I have two K80s installed on a Supermicro SYS-7048GR-TR running under Ubuntu 16.04 LTS. p2p copies work between the GPUs on each card, in my case GPUs 0 to 1 on card 1 and GPUs 2 and 3 on the second card. However, when I try to establish p2p communication between GPUs on different cards, cudaDeviceCanAccessPeer reports that 1 cannot access 2. The test code is compiled under pgi fortran 2017 17.4 using Mcuda=kepler.

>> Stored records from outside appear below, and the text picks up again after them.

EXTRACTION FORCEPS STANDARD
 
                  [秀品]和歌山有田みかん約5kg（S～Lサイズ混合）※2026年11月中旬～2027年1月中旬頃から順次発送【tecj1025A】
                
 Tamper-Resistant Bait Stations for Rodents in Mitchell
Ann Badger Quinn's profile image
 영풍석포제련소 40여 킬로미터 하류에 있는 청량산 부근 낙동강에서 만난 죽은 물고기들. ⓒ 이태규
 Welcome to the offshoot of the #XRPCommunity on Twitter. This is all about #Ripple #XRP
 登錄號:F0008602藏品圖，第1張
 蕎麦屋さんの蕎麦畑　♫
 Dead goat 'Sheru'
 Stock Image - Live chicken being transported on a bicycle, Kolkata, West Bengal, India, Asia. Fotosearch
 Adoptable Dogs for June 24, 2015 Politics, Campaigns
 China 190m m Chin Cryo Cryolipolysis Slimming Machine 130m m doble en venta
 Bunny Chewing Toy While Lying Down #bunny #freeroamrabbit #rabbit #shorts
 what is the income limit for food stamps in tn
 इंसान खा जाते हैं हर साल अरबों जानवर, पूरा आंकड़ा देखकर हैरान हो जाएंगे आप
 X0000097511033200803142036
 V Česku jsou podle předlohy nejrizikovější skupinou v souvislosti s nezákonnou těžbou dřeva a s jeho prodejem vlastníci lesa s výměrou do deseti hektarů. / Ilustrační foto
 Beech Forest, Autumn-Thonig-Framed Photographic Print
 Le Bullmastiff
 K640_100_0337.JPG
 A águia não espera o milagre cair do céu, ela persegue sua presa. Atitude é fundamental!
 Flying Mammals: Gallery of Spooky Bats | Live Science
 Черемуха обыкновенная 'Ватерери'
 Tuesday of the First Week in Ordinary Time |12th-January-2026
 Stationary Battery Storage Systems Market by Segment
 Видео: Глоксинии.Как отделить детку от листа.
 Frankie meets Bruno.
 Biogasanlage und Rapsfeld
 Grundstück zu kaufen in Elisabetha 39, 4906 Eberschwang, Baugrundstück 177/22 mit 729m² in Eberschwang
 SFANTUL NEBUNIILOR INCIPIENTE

nvidia-smi reports the following:
myname@mybox:~$ nvidia-smi
Sun Sep 23 07:03:56 2018
±----------------------------------------------------------------------------+
| NVIDIA-SMI 384.130 Driver Version: 384.130 |
|-------------------------------±---------------------±---------------------+
| GPU Name Persistence-M| Bus-Id Disp.A | Volatile Uncorr. ECC |
| Fan Temp Perf Pwr:Usage/Cap| Memory-Usage | GPU-Util Compute M. |
|===============================+======================+======================|
| 0 Tesla K80 Off | 00000000:04:00.0 Off | 0 |
| N/A 70C P0 62W / 149W | 0MiB / 11439MiB | 0% Default |
±------------------------------±---------------------±---------------------+
| 1 Tesla K80 Off | 00000000:05:00.0 Off | 0 |
| N/A 71C P0 71W / 149W | 0MiB / 11439MiB | 0% Default |
±------------------------------±---------------------±---------------------+
| 2 Tesla K80 Off | 00000000:84:00.0 Off | 0 |
| N/A 77C P0 75W / 149W | 0MiB / 11439MiB | 0% Default |
±------------------------------±---------------------±---------------------+
| 3 Tesla K80 Off | 00000000:85:00.0 Off | 0 |
| N/A 74C P0 77W / 149W | 0MiB / 11439MiB | 93% Default |
±------------------------------±---------------------±---------------------+
±----------------------------------------------------------------------------+
| Processes: GPU Memory |
| GPU PID Type Process name Usage |
|=============================================================================|
| No running processes found |
±----------------------------------------------------------------------------+
The Supermicro box is set up as a compute box, without a full installation of pgi fortran or cuda. The codes I run on it are compiled on my development box and transferred in. I have a copy of the pgi REDIST directory under /opt with a LD_LIBRARY_PATH env variable pointing to the directory. I installed the drivers using “sudo apt-get nvidia-384 nvidia-modprobe”.
My guess is the problem is either out of date or incompatible compiler, driver, BIOS or some combination of those. The problem is, I do not know where to start. Any prior experience on this problems would be much appreciated.